**Activity**
Only the lines from the line containing "Syysruskaisen sekametsän puunrunkoja" to the end of the material belong in the copy; set them down exactly, without pictures.

**Supplied information**
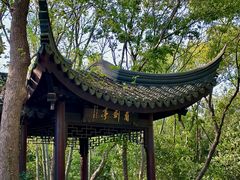 -上海佘山国家森林公园天马山园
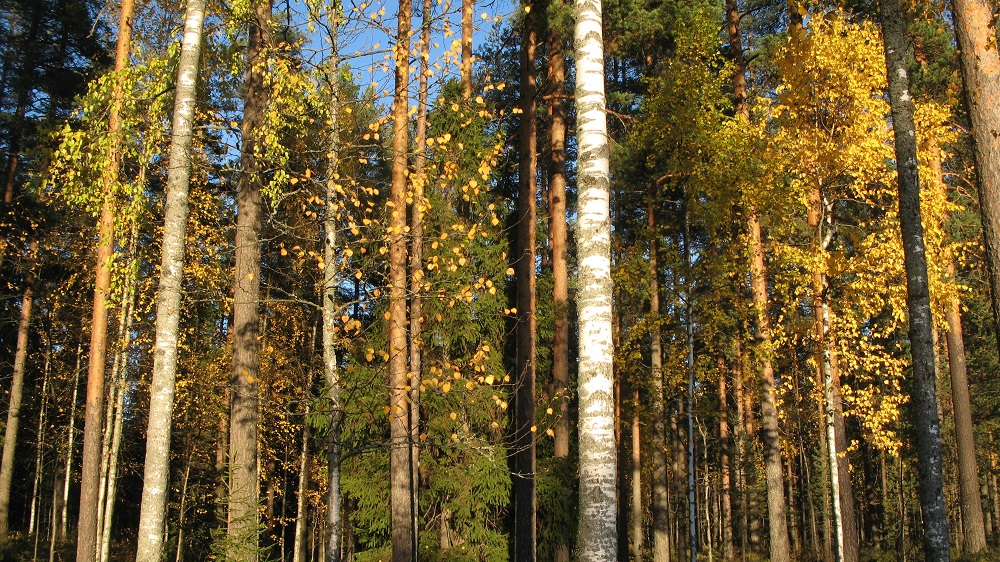 Syysruskaisen sekametsän puunrunkoja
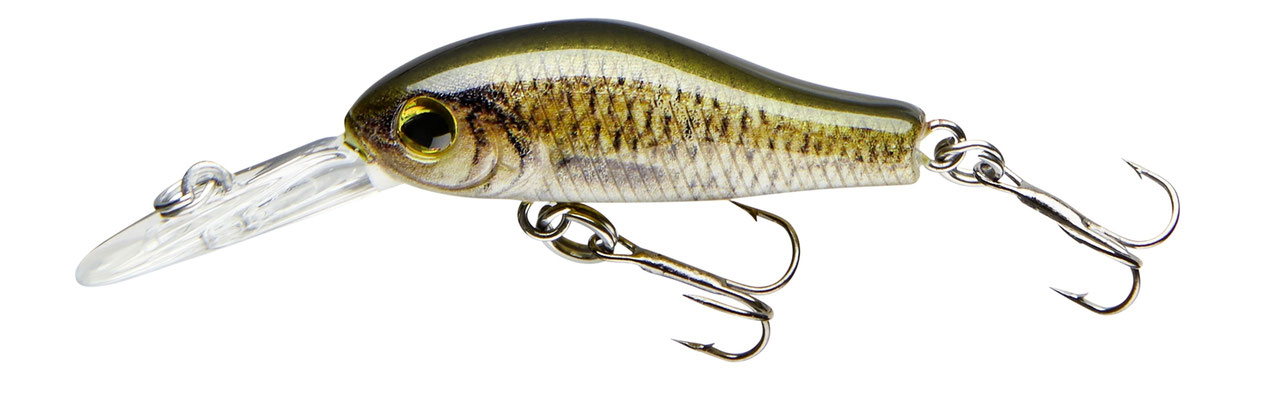 53-04361 carp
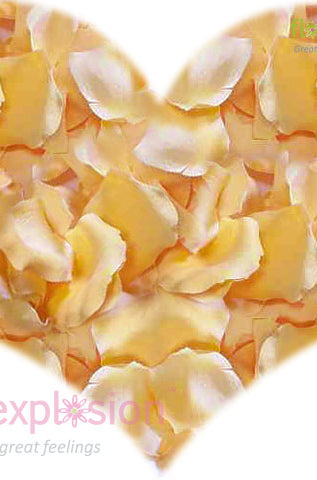 Cream Rose Petals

**Written reply**
 Syysruskaisen sekametsän puunrunkoja
 53-04361 carp
 Cream Rose Petals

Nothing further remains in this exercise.